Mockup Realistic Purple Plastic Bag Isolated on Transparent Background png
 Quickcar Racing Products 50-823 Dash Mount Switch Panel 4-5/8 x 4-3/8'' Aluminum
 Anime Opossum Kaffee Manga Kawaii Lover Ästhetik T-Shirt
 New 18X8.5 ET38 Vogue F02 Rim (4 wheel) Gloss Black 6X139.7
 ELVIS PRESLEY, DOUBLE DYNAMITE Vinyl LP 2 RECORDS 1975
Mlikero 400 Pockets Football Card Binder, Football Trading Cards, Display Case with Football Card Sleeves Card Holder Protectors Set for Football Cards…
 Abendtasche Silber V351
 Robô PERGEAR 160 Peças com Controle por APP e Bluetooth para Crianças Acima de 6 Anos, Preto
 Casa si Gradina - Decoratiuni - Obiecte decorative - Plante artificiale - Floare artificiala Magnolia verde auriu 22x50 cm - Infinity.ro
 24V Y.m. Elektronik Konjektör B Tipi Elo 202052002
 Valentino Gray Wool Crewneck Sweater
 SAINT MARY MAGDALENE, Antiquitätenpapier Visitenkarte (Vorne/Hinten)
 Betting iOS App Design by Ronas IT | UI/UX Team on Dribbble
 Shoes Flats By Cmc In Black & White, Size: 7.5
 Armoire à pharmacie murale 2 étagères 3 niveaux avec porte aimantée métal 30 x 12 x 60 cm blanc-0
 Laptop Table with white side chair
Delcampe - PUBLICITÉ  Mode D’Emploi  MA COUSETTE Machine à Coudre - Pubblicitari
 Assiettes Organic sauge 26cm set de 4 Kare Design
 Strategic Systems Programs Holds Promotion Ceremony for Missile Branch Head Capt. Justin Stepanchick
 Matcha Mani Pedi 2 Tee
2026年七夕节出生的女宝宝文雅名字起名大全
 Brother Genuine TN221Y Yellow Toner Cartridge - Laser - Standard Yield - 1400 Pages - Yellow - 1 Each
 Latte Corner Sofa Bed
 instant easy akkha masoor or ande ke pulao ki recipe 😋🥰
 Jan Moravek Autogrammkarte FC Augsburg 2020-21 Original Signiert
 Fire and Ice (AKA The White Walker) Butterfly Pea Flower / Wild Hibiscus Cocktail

Task
Copy only the stretch running from the line containing "Betting iOS App" to the final line of the entries, both ends included, exactly as it stands.

Task result
 Betting iOS App Design by Ronas IT | UI/UX Team on Dribbble
 Shoes Flats By Cmc In Black & White, Size: 7.5
 Armoire à pharmacie murale 2 étagères 3 niveaux avec porte aimantée métal 30 x 12 x 60 cm blanc-0
 Laptop Table with white side chair
Delcampe - PUBLICITÉ  Mode D’Emploi  MA COUSETTE Machine à Coudre - Pubblicitari
 Assiettes Organic sauge 26cm set de 4 Kare Design
 Strategic Systems Programs Holds Promotion Ceremony for Missile Branch Head Capt. Justin Stepanchick
 Matcha Mani Pedi 2 Tee
2026年七夕节出生的女宝宝文雅名字起名大全
 Brother Genuine TN221Y Yellow Toner Cartridge - Laser - Standard Yield - 1400 Pages - Yellow - 1 Each
 Latte Corner Sofa Bed
 instant easy akkha masoor or ande ke pulao ki recipe 😋🥰
 Jan Moravek Autogrammkarte FC Augsburg 2020-21 Original Signiert
 Fire and Ice (AKA The White Walker) Butterfly Pea Flower / Wild Hibiscus Cocktail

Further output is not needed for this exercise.